Awesome multilingual OCR toolkits based on PaddlePaddle (practical ultra lightweight OCR system, support 80+ languages recognition, provide data annotation and synthesis tools, support training and deployment among server, mobile, embedded and IoT devices)
https://paddlepaddle.github.io/PaddleOCR/
Apache License 2.0
44.47k stars 7.84k forks source link

CPPD Model with space character #13774

Closed skyimager closed 2 months ago

skyimager commented 2 months ago

🔎 Search before asking

🐛 Bug (问题描述)

I am trying to finetune the CPPD model (rec_svtrnet_cppd_base_u14m.yml) with a custom dataset. I want to include space_character recognition in the model.

My config is as follows:

Global:
  use_gpu: True
  epoch_num: 100
  log_smooth_window: 20
  print_batch_step: 10
  save_model_dir: ./output/rec/svtr_cppd_base_custom/
  save_epoch_step: 1
  # evaluation is run every 2000 iterations after the 0th iteration
  eval_batch_step: [0, 100]
  cal_metric_during_train: True
  pretrained_model: ./pretrained_models/rec_svtr_cppd_base_u14m_train/best_model.pdparams
  checkpoints:
  save_inference_dir:
  use_visualdl: False
  infer_img: doc/imgs_words_en/word_10.png
  # for data or label process
  character_dict_path: ./ppocr/utils/ic15_dict.txt
  character_type: en
  max_text_length: 25
  infer_mode: False
  use_space_char: True
  save_res_path: ./output/rec/predicts_svtr_cppd_base_u14m.txt

the preds key from the model output has the shape: (Batch, 26, 38)

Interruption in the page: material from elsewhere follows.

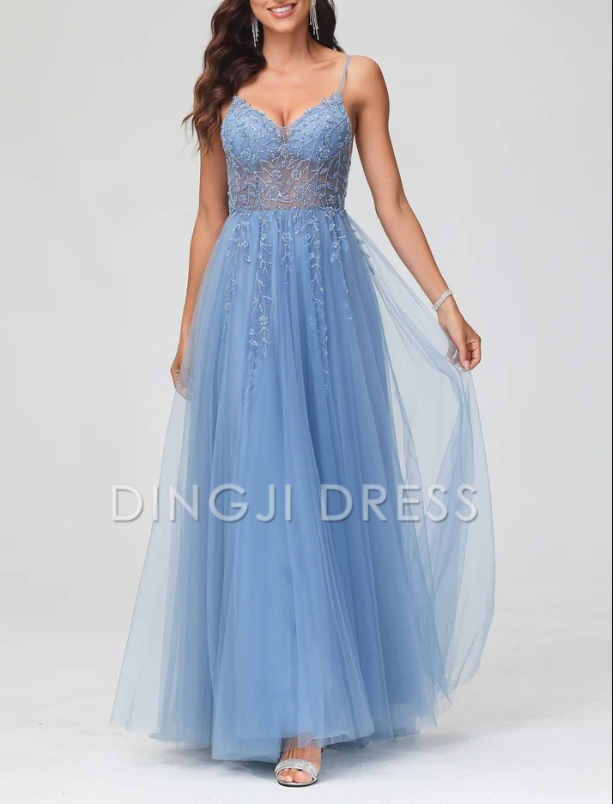 DingJiDress Evening Dress A-Line Spaghetti Straps Tulle Backless Sweep Train Dress Side Fork Exquisite Romantic Formal Dress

During training, I am getting good accuracy on the training and validation set.

At the time of evaluation, I am getting all weird numbers in my output. I think the CPPDLabelEncode is not able to adjust to the 38 char node representation. Anything I am missing here?

🏃‍♂️ Environment (运行环境)

Linux Ubuntu 20

🌰 Minimal Reproducible Example (最小可复现问题的Demo)

Inference with: rec_algorithm 'CPPD' rec_image_shape '3,32,128' rec_char_dict_path ./ppocr/utils/ic15_dict.txt use_space True

Topdu commented 2 months ago

Please post some weird numbers in your output.